Of course there are limitations to this approach. If you wanted to consider, for example, adding a new enum as "backwards compatible", so the file with a new enum is functionally identical to ones without so far as API compatibility is concerned, you would need to generate N different derived artifacts for each additional enum (or maybe N! if you're treating them as a set). But that speaks to the limitation of compressing files down to a single hash - you could do more efficient handling with access to the actual AST, but at the cost of having to have a specialized tool to do the analysis.

[alilleybrinker]

I think the characterization of convergence and divergence is important, and probably something that ought to be explained in some documentation for OmniBOR (maybe the spec, maybe something else).

Really what we'd want to do is:

1. Define "convergence" and "divergence," as you've done here.
2. Explain why OmniBOR goes the route of maximal divergence, which basically comes down to the fact that it's the most general option, and does not require any domain knowledge on the part of the OmniBOR spec.
3. Suggest what to do for folks who then want to layer on some convergence-oriented thinking above OmniBOR.

So basically, OmniBOR sits as a base layer which gives you a small amount of signal that something changed, and allows you to identify, through the Artifact Dependency Graph, what has changed, but it does not tell you 1) how that thing changed, or 2) if that change was important.

I actually think, explained in this way, our "maximal divergence" position becomes a great win, because it leaves open a wide design space for projects to start with OmniBOR checking for that baseline signal of whether anything changed, and can then use the ADG info to evaluate any changes to determine in a convergence fashion if the change is worth caring about.

[jsgf]

OmniBOR goes the route of maximal divergence

I think OmniBOR goes a bit beyond maximal divergence.
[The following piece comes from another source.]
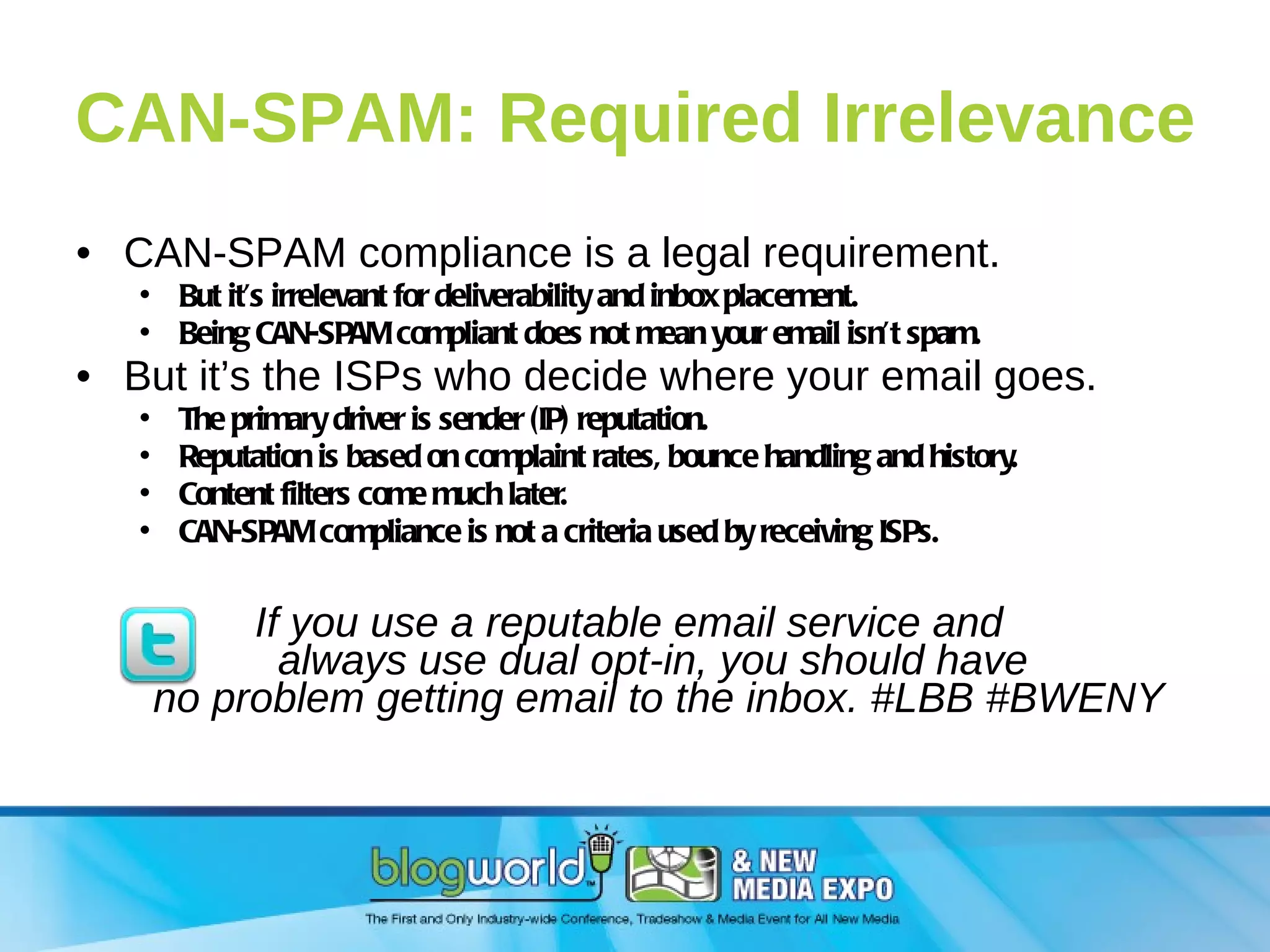 CAN-SPAM: Required Irrelevance CAN-SPAM compliance is a legal requirement. But it’s irrelevant for deliverability and inbox placement. Being CAN-SPAM compliant does not mean your email isn’t spam. But it’s the ISPs who decide where your email goes. The primary driver is sender (IP) reputation. Reputation is based on complaint rates, bounce handling and history. Content filters come much later. CAN-SPAM compliance is not a criteria used by receiving ISPs. If you use a reputable email service and  always use dual opt-in, you should have  no problem getting email to the inbox. #LBB #BWENY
By embedded the input manifest hashes in the outputs it means that it excludes any other artifact dependency graph from existing. Using input tagging you could re-derive the input manifests themselves to exclude irrelevant information, but the artifacts themselves will be indelibly stamped with the original graph.

So the big up-front question is not what you decide to include in the input manifests, but whether you embed the manifest ids in the output artifacts, or keep them separate and have the manifests also reference the outputs.

This also implies a model where the manifests are themselves first-class objects which can be the inputs and outputs of "actions".

[RobMarion]

Are convergent/divergent canonical terms when applied to hashing? I understand how they are being used in this context but I'm wondering if there is a better way to put it. I can see a case for making some changes in a build non-relevant as part of a build. Isn't the point to say that component x is in build y?